February 2018 Menu
(Available February 7th through March 4th 2018)
Presented by Executive Chef Kelly McCown, Chef de Cuisine Allyson Harvie
and Chef Owner Randall Selland
Please call 916 568 7171 for reservations
We are happy to accommodate any dietary restrictions, allergies and preferences. Menus are subject to change due to seasonality and availability of the best quality ingredients.
Butter Basted California Halibut
Cauliflower “Mornay”, Roasted Cardoons, Sorrel and Kumquat Jam
Chef’s Notes: In the 1st Century AD, Pliny the Elder included what he called “Cyma” among his descriptions of cultivated plants in his book, Naturalis Historia. He went so far as to say, “Of all the varieties of cabbage, the most pleasan-tasted is coma,” or what we would refer to as modern cauliflower.
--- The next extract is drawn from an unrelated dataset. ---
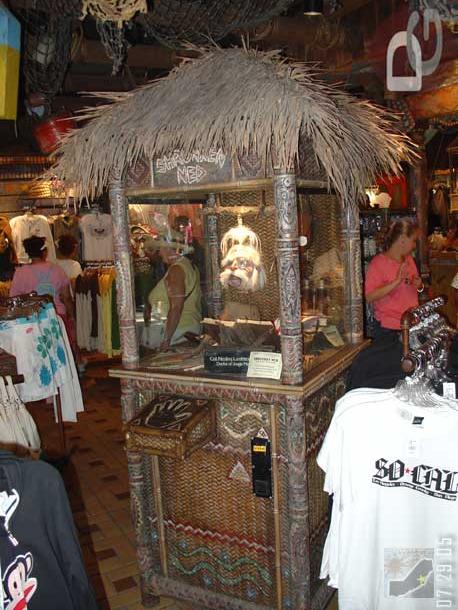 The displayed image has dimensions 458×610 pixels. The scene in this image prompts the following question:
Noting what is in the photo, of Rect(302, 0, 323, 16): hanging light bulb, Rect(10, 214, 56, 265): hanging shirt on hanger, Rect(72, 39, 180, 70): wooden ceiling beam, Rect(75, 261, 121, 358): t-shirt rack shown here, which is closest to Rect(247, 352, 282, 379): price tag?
Rect(302, 0, 323, 16): hanging light bulb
In reverence to this beloved brassica, we present our lovely dish of beautiful local halibut, butter basted and set atop a creamy cauliflower Mornay sauce. Playing foil to the rich sauce is lemony garden sorrel and a sweet yet tangy kumquat jam. We think Pliny would approve.
Early Spring Fava Agnolotti
White Truffle Crème, Yellow Foot Chanterelles and Braised Guanciale
Chef’s Notes: Consider the humble fava bean. Having a recorded history in the eastern Mediterranean as far back as 6000 BC, its presence is felt in almost every culture on the globe. Not only prized for its culinary uses, its importance as a pollinator and nitrogen fixing cover crop have been recognized for centuries. It should seem fitting that such an ancient food also be one of the most beloved harbingers of spring. Drawing from the tender early spring leaves, we create a little pasta pillow, lovingly nestled in white truffle cream with delicate yellow foot chanterelles and pan-crisped slow braised guanciale.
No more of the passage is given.